• _Work task_: Retype exactly the lines below, starting with the line that contains "Used 2024 GMC" and ending with the last line; leave out any pictures.

[Stored dataset items]

---*---

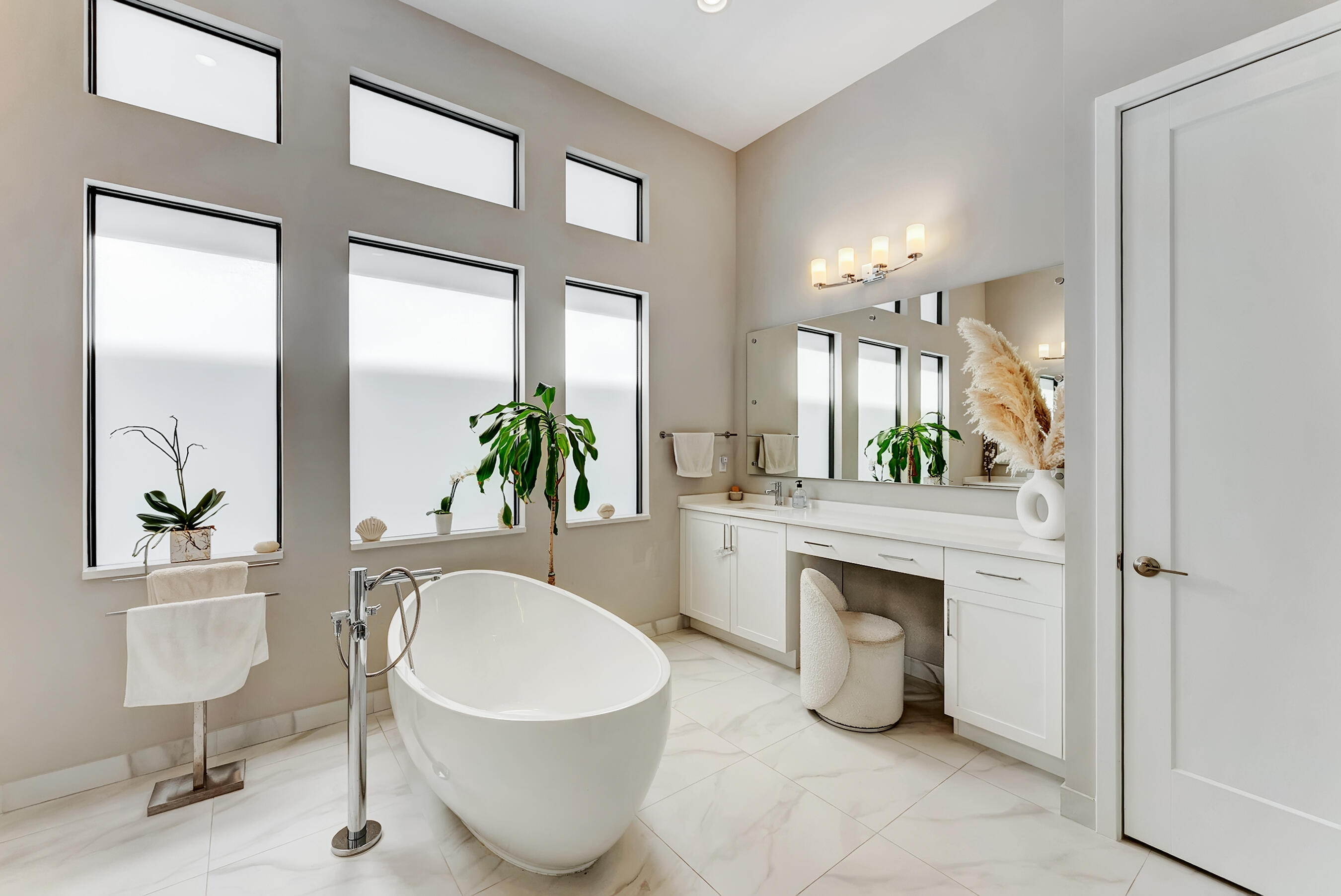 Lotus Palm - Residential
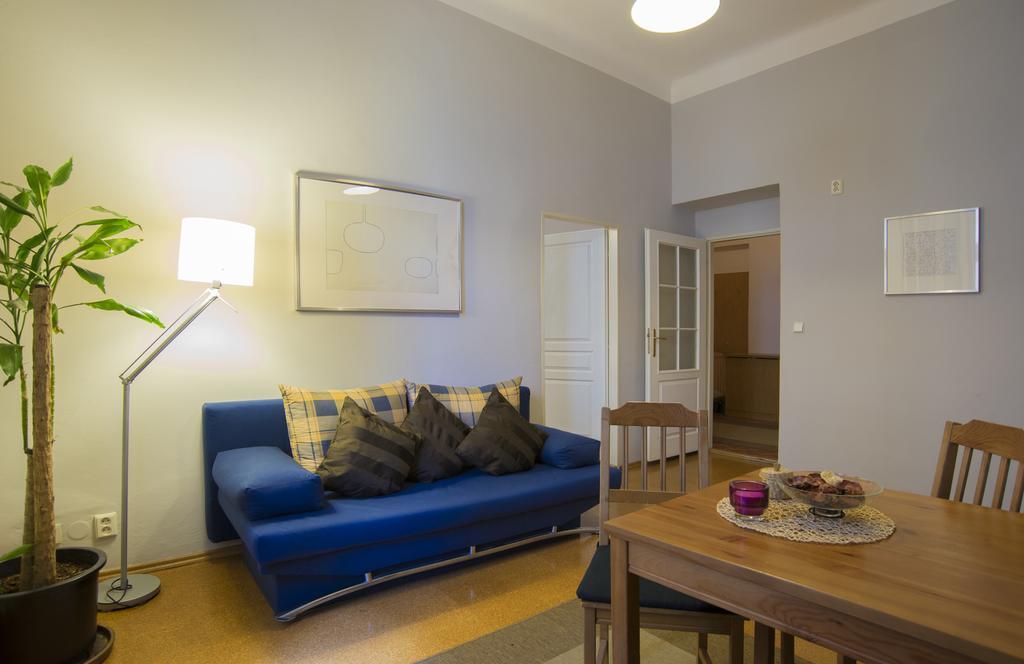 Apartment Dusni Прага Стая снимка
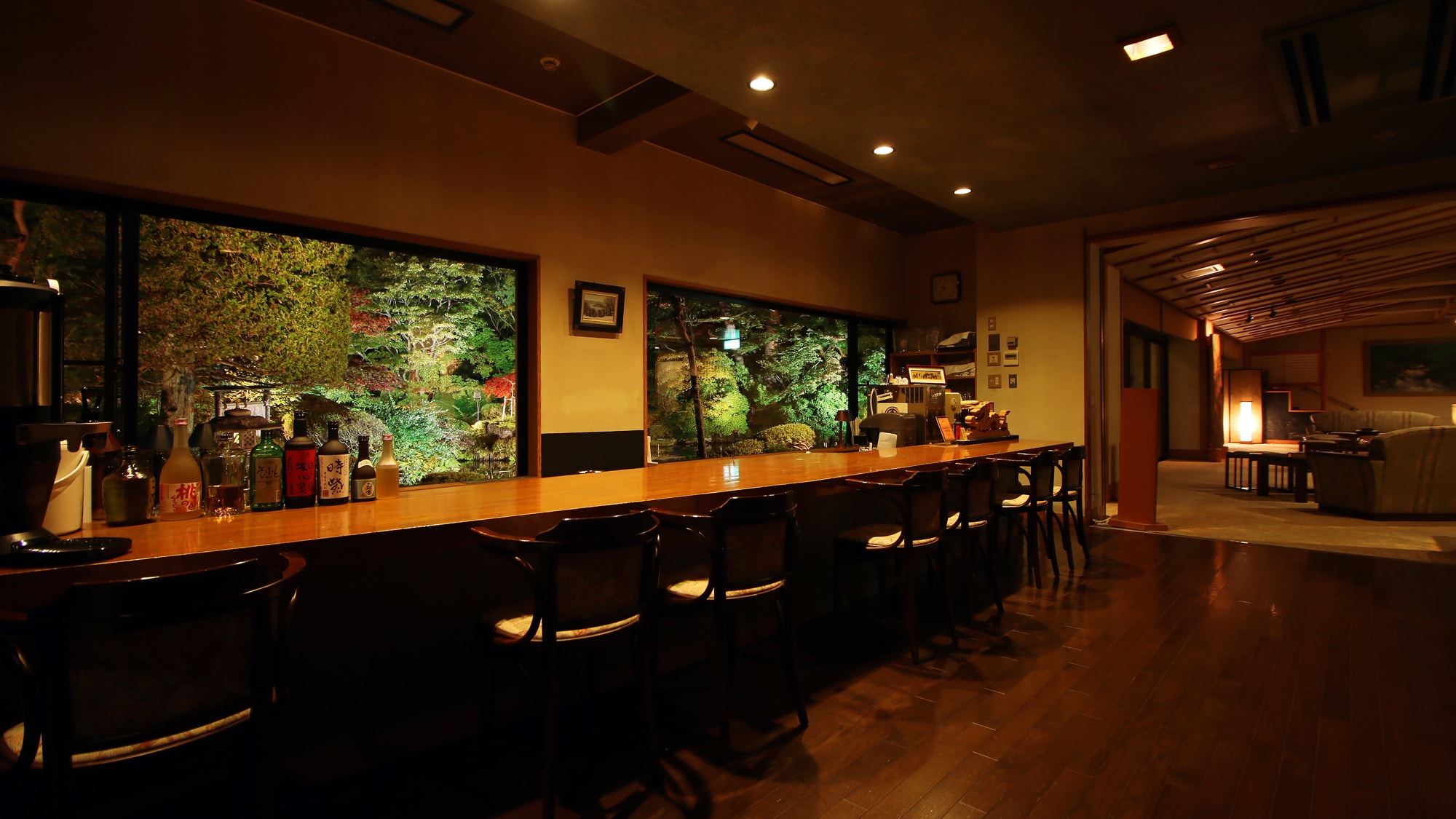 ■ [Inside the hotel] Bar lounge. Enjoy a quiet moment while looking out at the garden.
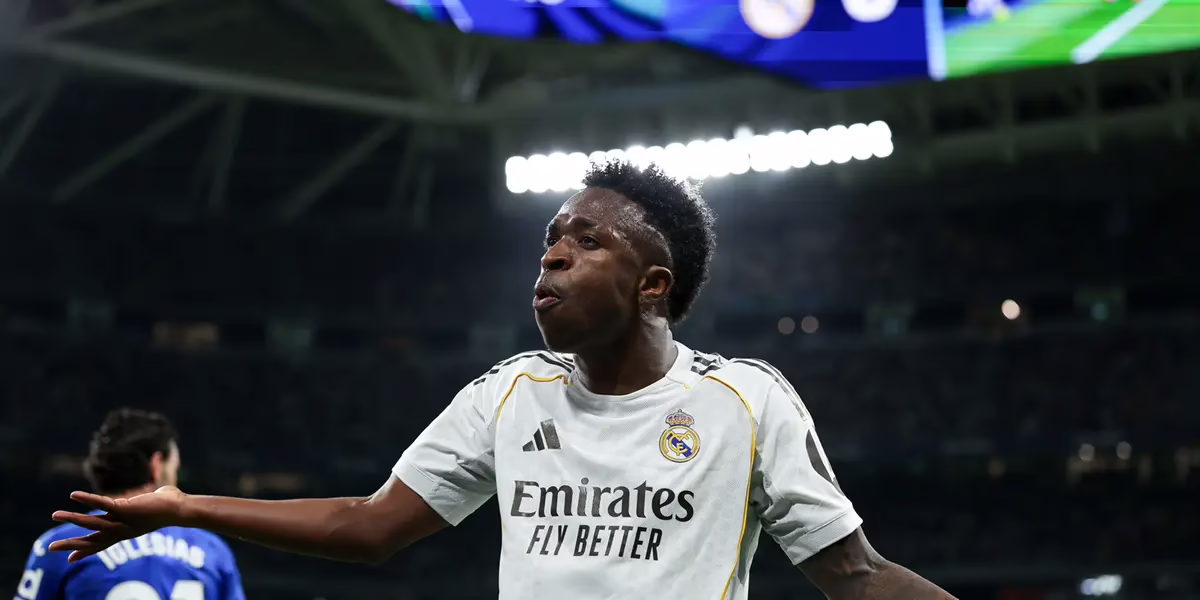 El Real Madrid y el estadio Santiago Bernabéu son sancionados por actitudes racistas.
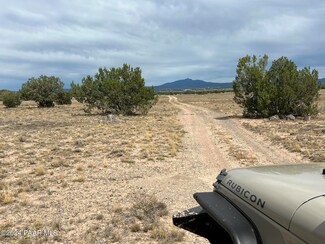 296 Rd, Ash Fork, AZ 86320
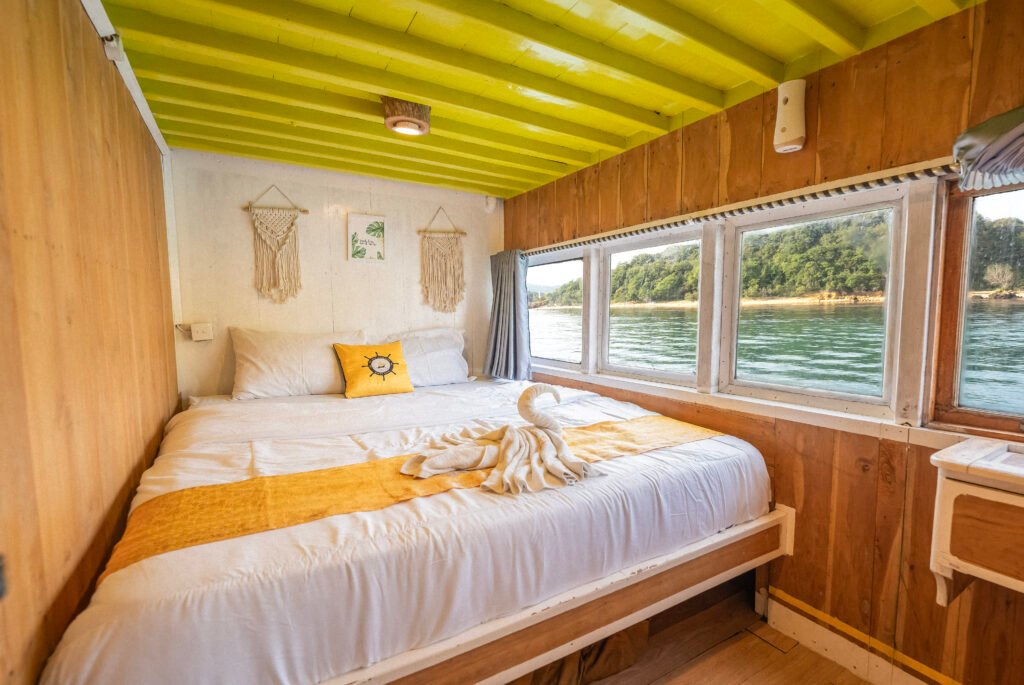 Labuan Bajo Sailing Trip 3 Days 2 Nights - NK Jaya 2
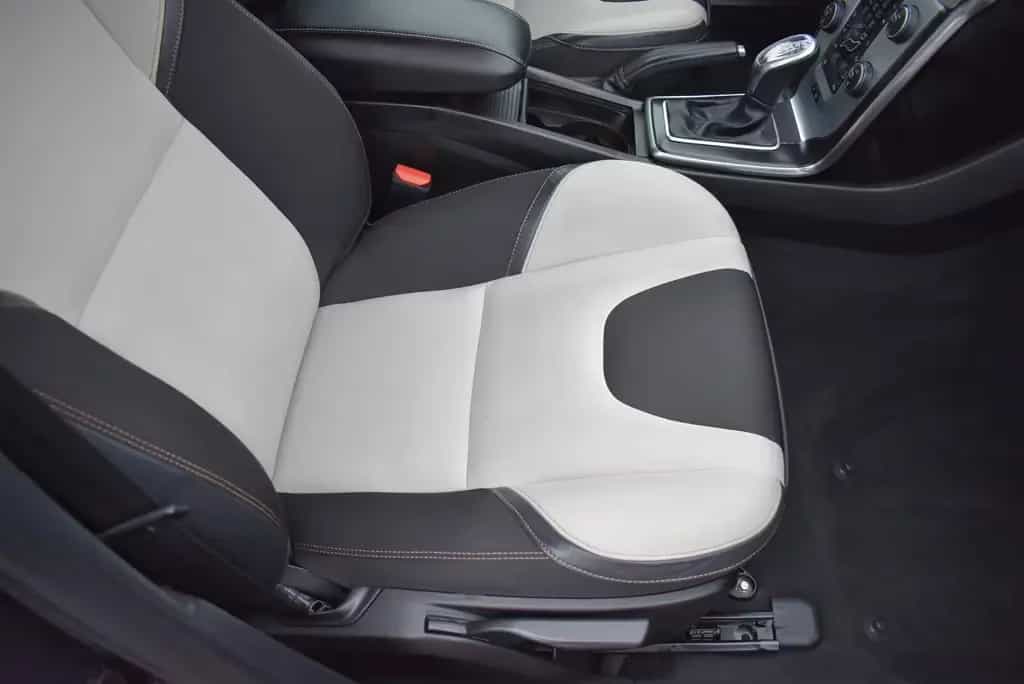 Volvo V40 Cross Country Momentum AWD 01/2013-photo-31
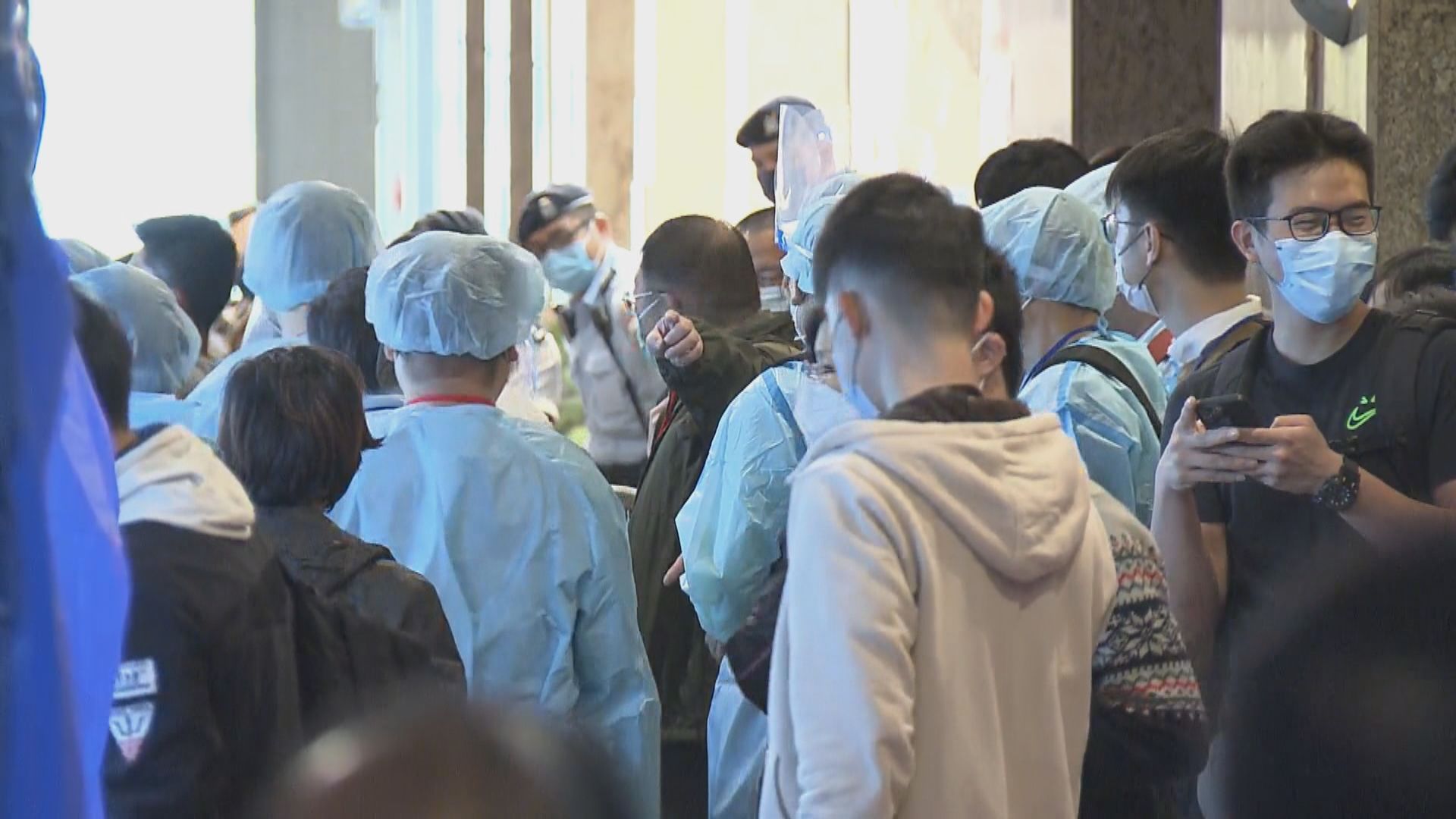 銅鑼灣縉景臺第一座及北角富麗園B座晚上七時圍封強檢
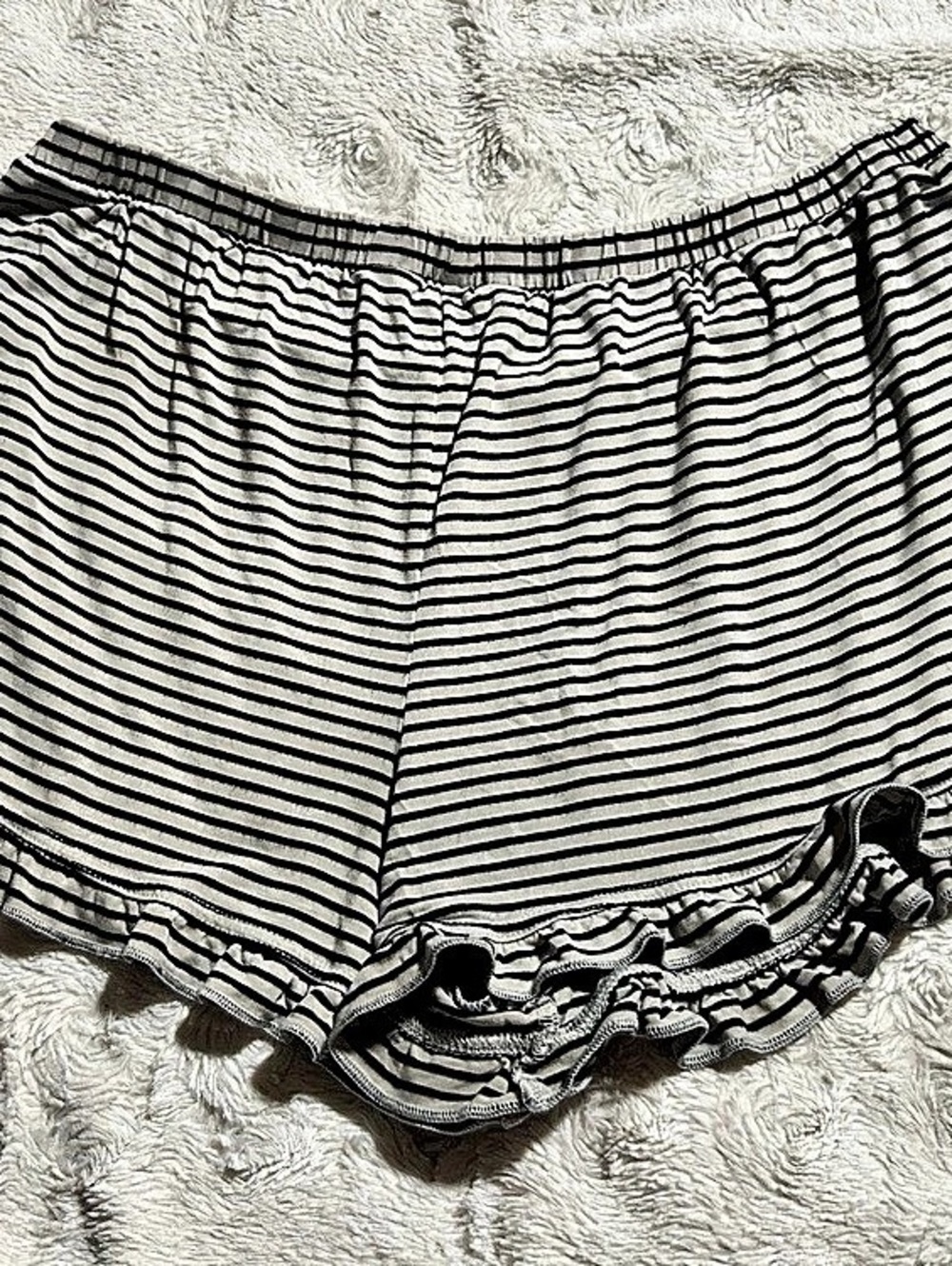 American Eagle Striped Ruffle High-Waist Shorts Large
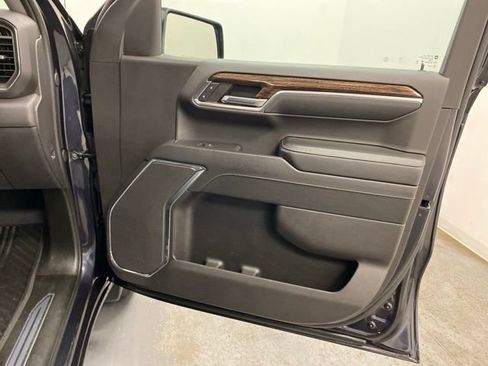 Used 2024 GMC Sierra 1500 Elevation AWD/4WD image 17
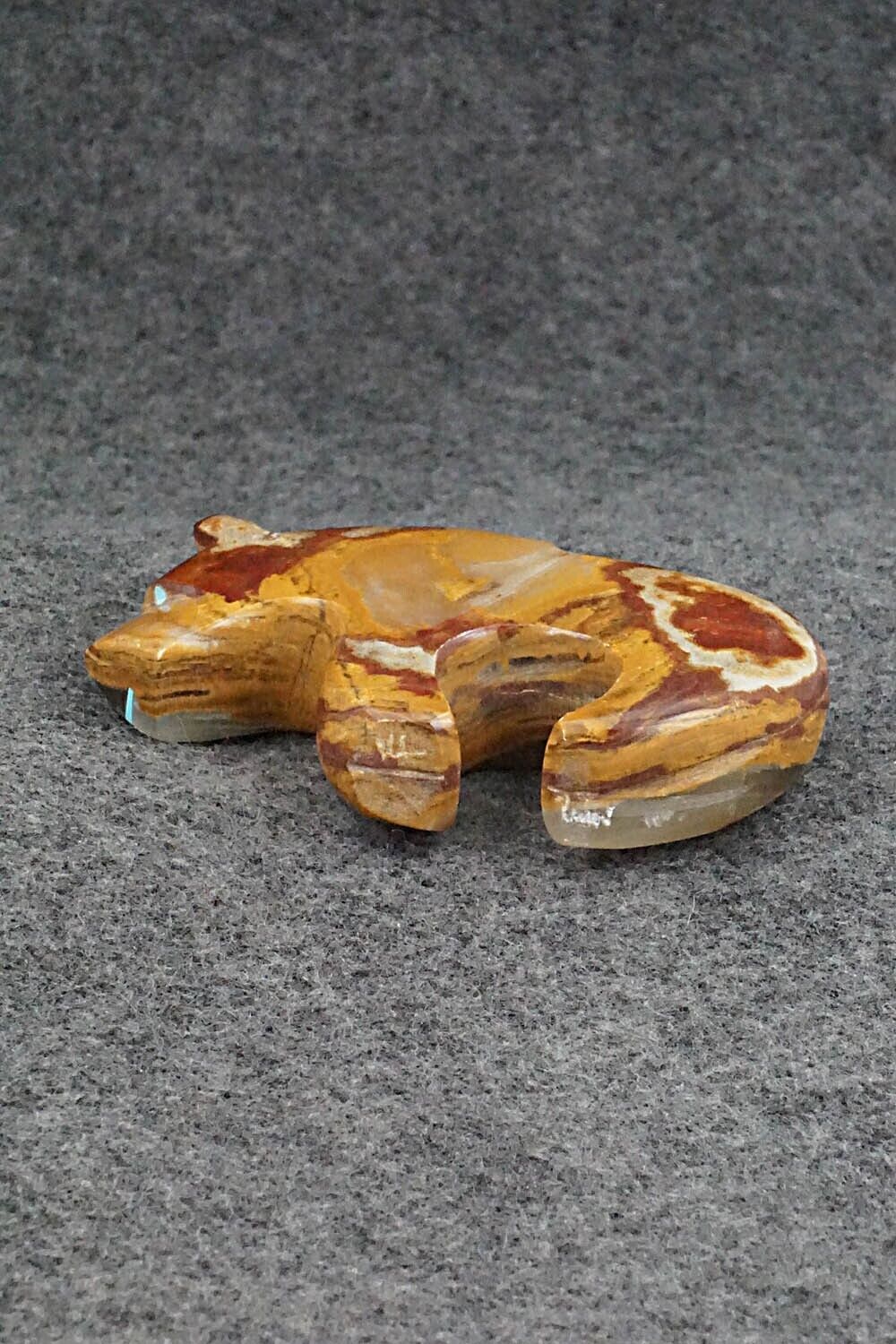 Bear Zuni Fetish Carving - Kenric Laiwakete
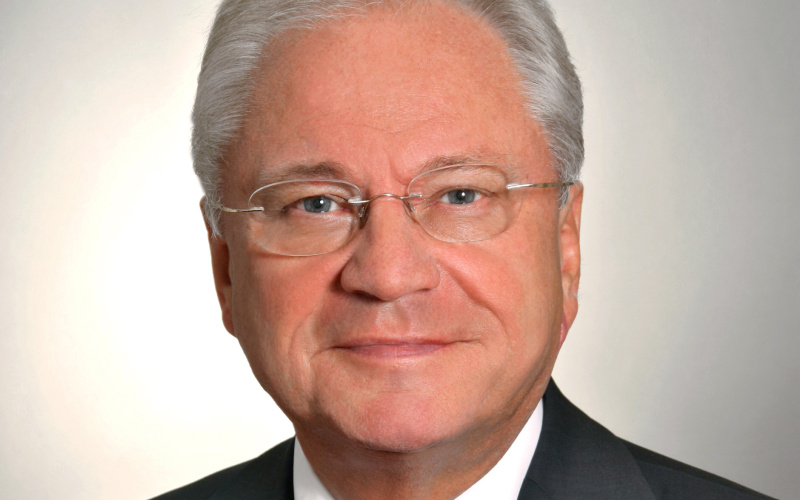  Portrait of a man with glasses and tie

---*---

• _Your response_:
 Used 2024 GMC Sierra 1500 Elevation AWD/4WD image 17
 Bear Zuni Fetish Carving - Kenric Laiwakete
  Portrait of a man with glasses and tie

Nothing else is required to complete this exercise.